La fórmula para conseguir dónuts tiernos y ligeros
- Levadura de panadero para una miga esponjosa y con buen aroma.
- Primer levado de 60-90 minutos, según la temperatura de la cocina.
- Fritura estable entre 165 y 175 ºC para dorarlos sin quemarlos.
- Un glaseado sencillo de azúcar aporta el acabado clásico y se adhiere mejor en caliente.
- El resultado es mejor el mismo día, aunque pueden conservarse 24 horas en un recipiente cerrado.

La masa que da una miga tierna
La base es una masa enriquecida parecida a la de un brioche ligero. Lleva harina de fuerza, leche, huevo, azúcar, mantequilla y levadura de panadero. No conviene sustituirla por levadura química, porque esta última sirve para bizcochos y no desarrolla la estructura aireada que buscamos.

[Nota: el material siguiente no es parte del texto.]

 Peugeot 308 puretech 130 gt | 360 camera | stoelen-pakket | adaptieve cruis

Para 10-12 piezas utilizo estas cantidades:
- 500 g de harina de fuerza
- 250 ml de leche entera templada
- 50 g de azúcar
- 1 huevo mediano
- 25 g de levadura fresca o 8 g de levadura seca de panadero
- 50 g de mantequilla blanda
- 6 g de sal
- 1 cucharadita de extracto de vainilla, opcional
- Aceite de girasol alto oleico o aceite de oliva suave para freír
La leche debe estar templada, no caliente. Si supera aproximadamente los 40 ºC, puede debilitar o matar la levadura. Yo prefiero pesar la harina y la leche en lugar de añadir harina a ojo, porque una masa demasiado dura produce dónuts compactos y secos.

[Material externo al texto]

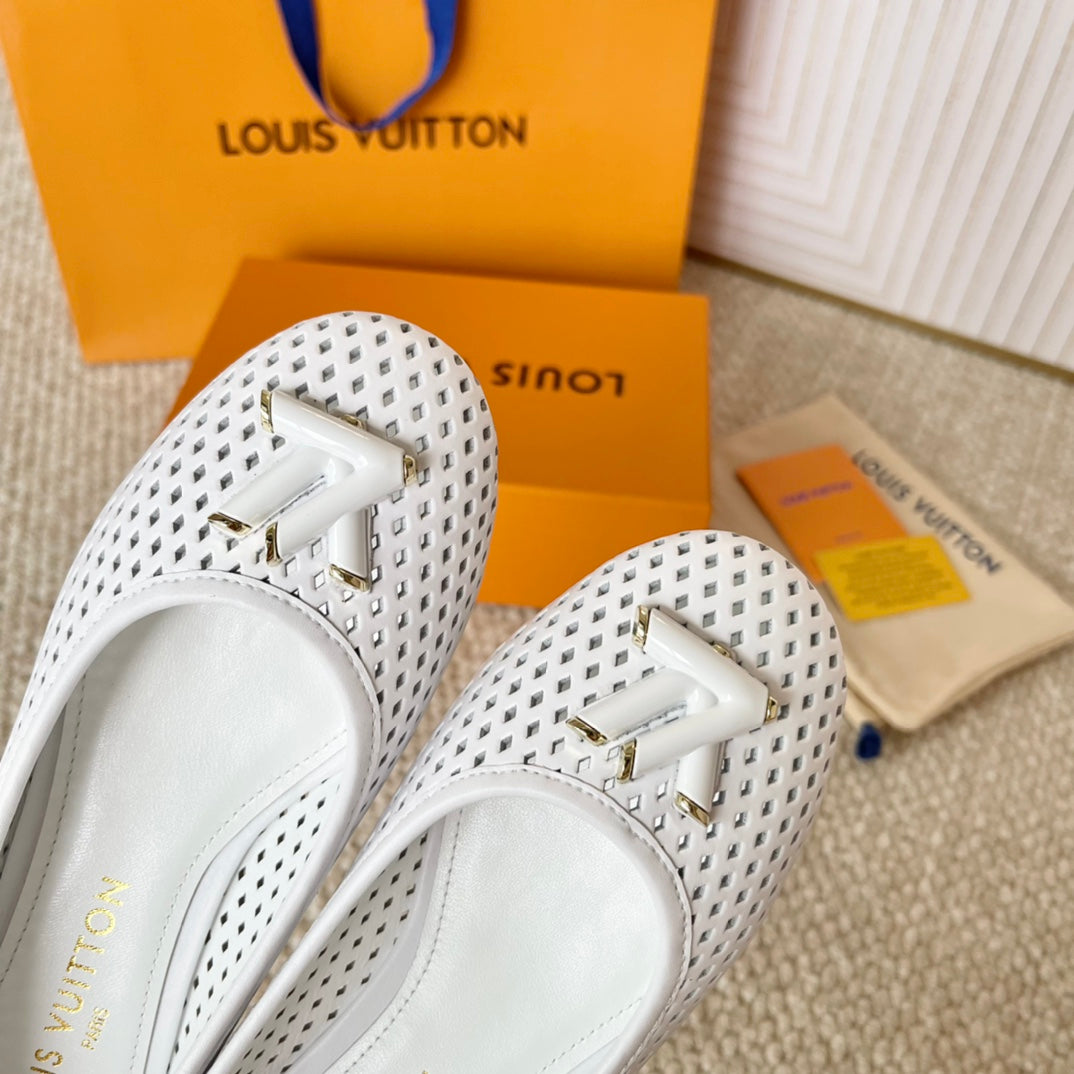 LV Shake Flat Ballerina White Cowhide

Receta paso a paso para freírlos en casa
Amasar hasta obtener elasticidad
Disuelvo la levadura en la leche templada y la dejo reposar 5 minutos. En un bol mezclo la harina, el azúcar y la sal, incorporo el huevo, la vainilla y la leche, y amaso durante unos 8-10 minutos.
Cuando la masa empieza a estar lisa, añado la mantequilla poco a poco. Al principio resulta pegajosa, pero no conviene corregirla con mucha harina. Tras unos minutos debe quedar suave, elástica y ligeramente húmeda, sin pegarse de forma excesiva a las manos.
Dejar que la masa crezca
Formo una bola, la coloco en un recipiente engrasado y la cubro. El primer levado suele tardar entre 60 y 90 minutos a temperatura ambiente, hasta que la masa casi duplica su volumen.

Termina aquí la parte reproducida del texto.